Bazı hizmet gruplarında iman ve Kur’ân hizmetlerine ait mukaddes mefhumlar; içtimaî, ideolojik ve siyasî kavramlarla sanki yer değiştirerek ve birbirine karışarak hizmetlerde münaşaka ve malayaniyat meydana getirmiştir.
Sisteme dünya cihetiyle bakılırsa şayet, mükemmel gibi görünüyor. Fakat din cihetiyle bakılırsa şayet dini hizmetlerde ne can ve ne de heyecan görünmüyor.
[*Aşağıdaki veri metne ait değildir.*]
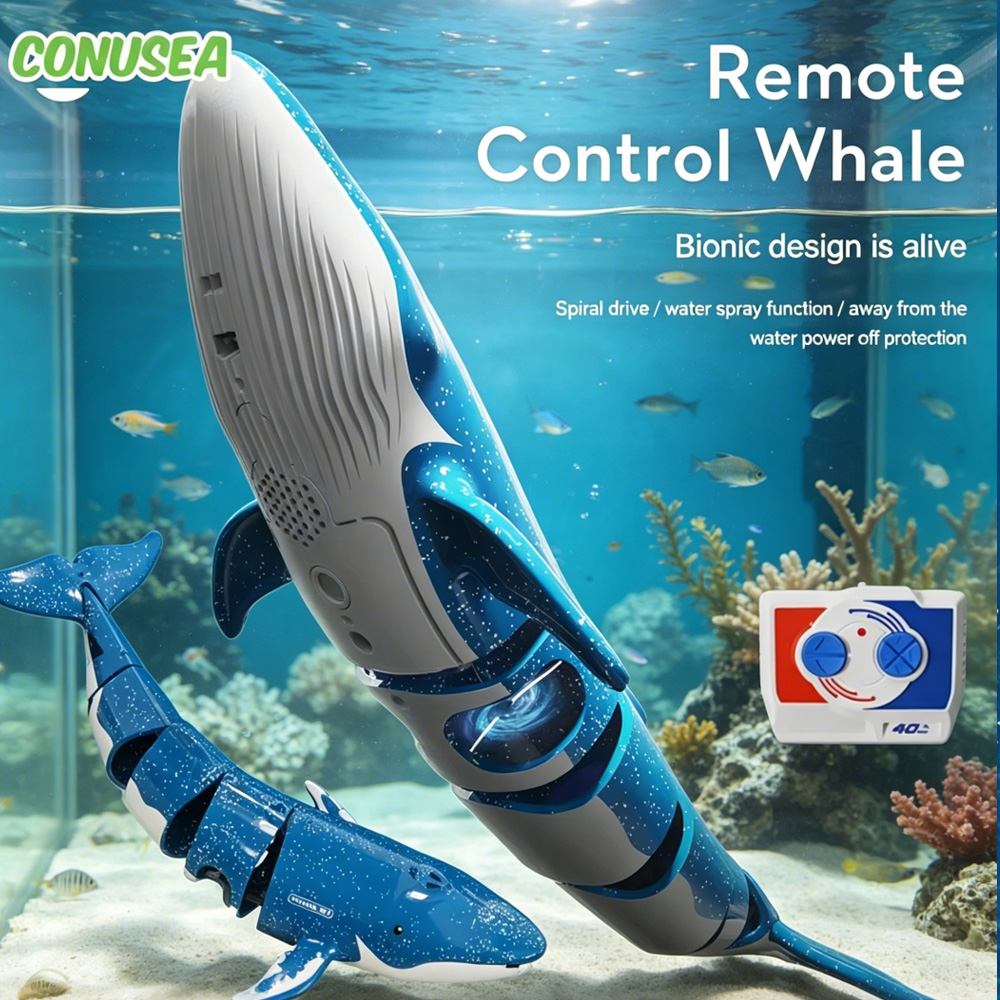 Aquarium Fish Electric - RC denizaltı Sualtı Balinaları Uzaktan Kumandalı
Şayet üç beş kişi bir ara bir araya gelerek; o üç beş kişi bir çoban ateşi gibi bir ateşi yakıyorsa da, ateş yakıldıktan sonra, o anlık, o ateş ile birlikte beraber bir parça birbirlerinin yüzünü görebiliyorlar ve belki bir parça aydınlanıyorlar ve bir parça da ısınabiliyorlar.
Fakat daha birbirinden ayrılmadan o ateş sönmeye yüz tutuyor, derken sönüyor ve geriye sadece bir parça külü kalıyor. Halbuki dine hizmet iddiası ve idealinde olan dinî grupların asıl hedef ve maksatları dünyayı değil; dini yaşamaktı.
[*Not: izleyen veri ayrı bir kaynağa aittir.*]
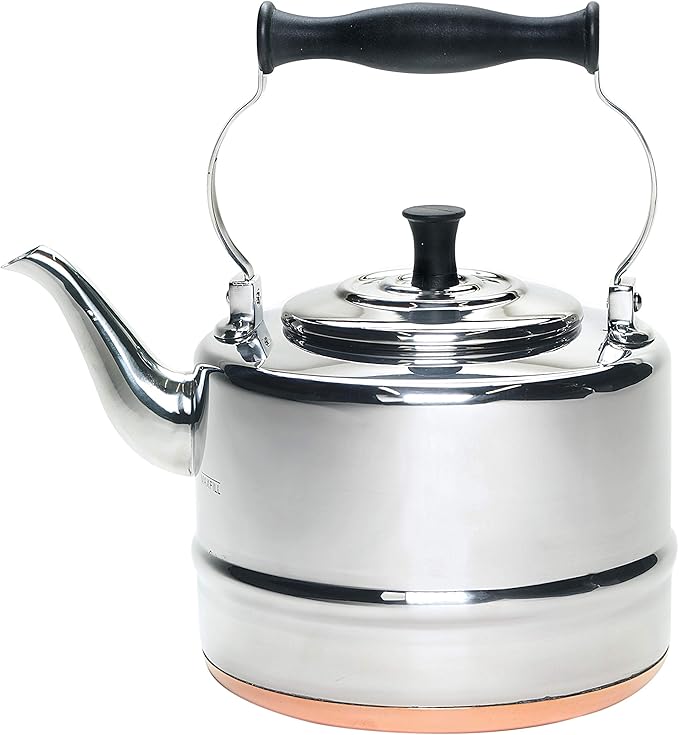 2 Qt Tea Kettle, Stainless Steel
Nasıl ki Mesnevî-i Nuriye’de On dördüncü Reşha’da geçen; “Kur’ân’ın takip ettiği makasıd-ı esasiye ve anasır-ı asliye, ubudiyetle tevhid, risalet, haşir, adalet olmak üzere dörttür. Diğer bahsettiği meseleler ancak bu maksatlara vesilelerdir. Bu itibarla, vesilelerde yapılacak tafsilat, ol babdaki kavaide muhaliftir. Çünkü malayaniyatla iştigal, maksadı geri bırakıyor’’ dediği gibi;
Aynen öyle de; “Kur’ân-ı Mu’cizü’l-Beyanın, bu zamana mahsus bir i’caz-ı manevîsi’’ Risale-i Nur’un da bütün meselesi imandır. “Diğer bütün meseleler, iman hizmetine vesile olmalıdır. Çünkü imanî meselelerde teferruata (ayrıntı) girişme; hizmeti asıl hedefi ve maksadından saptırmaya sebep olduğu gibi; insanlarda da hayal kırıklıklarının yaşanmasına sebeptir. İşte günümüz dinî hizmet grupları hizmetlerinde yaşanan hayal kırıklığı ve handikapın iç yüzleri… Gerisini takdirlerinize havale ediyorum.